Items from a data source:
##########
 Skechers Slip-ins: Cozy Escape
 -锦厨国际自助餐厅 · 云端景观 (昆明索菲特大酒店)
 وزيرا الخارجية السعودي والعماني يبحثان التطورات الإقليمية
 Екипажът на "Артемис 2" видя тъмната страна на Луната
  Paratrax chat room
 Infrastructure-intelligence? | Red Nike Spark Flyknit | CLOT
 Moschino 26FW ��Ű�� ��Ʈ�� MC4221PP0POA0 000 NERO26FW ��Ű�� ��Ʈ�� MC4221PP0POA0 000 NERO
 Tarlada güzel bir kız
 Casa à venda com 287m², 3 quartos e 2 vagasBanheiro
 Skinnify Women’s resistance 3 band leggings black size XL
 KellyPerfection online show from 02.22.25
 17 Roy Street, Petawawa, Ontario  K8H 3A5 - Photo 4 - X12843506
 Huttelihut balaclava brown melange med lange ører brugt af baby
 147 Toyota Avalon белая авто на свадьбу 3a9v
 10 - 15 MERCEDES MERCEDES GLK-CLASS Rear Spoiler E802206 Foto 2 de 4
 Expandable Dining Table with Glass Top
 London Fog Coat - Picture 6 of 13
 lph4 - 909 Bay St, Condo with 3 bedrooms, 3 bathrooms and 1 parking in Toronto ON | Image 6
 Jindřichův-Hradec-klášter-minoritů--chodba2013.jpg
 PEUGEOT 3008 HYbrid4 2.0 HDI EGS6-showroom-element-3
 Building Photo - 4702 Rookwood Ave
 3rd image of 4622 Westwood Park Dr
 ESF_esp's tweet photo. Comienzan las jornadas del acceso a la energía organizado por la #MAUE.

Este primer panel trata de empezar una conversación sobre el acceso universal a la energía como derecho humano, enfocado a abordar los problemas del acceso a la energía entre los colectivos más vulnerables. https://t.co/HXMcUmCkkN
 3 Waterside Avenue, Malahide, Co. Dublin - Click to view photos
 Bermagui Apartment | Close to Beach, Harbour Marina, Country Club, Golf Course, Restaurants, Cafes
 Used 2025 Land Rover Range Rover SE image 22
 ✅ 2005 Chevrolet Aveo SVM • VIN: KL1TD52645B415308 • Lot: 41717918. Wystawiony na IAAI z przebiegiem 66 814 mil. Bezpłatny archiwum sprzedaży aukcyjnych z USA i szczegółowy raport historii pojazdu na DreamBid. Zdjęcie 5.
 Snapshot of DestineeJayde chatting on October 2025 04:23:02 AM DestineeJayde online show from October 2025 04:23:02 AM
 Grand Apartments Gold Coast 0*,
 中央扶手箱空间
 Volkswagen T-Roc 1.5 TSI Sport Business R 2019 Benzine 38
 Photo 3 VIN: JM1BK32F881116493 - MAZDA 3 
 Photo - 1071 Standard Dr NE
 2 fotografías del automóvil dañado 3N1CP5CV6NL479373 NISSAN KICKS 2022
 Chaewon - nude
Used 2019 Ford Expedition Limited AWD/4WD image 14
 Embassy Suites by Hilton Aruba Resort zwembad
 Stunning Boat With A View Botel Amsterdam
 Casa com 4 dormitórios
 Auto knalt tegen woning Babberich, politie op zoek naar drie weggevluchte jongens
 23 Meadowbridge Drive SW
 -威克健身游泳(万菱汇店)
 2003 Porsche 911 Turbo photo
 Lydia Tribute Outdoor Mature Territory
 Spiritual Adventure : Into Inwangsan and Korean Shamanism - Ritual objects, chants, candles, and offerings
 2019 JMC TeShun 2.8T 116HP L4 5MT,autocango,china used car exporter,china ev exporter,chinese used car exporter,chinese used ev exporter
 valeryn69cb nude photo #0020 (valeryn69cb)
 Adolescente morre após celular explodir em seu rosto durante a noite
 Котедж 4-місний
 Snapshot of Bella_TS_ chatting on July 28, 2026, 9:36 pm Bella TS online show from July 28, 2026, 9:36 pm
##########
## [EXERCISE REQUIREMENTS]
Reprint the data above from the opening line to the line holding "Infrastructure-intelligence? | Red", inclusive, and nothing else.

## [SOLUTION FOR THIS TASK]
 Skechers Slip-ins: Cozy Escape
 -锦厨国际自助餐厅 · 云端景观 (昆明索菲特大酒店)
 وزيرا الخارجية السعودي والعماني يبحثان التطورات الإقليمية
 Екипажът на "Артемис 2" видя тъмната страна на Луната
  Paratrax chat room
 Infrastructure-intelligence? | Red Nike Spark Flyknit | CLOT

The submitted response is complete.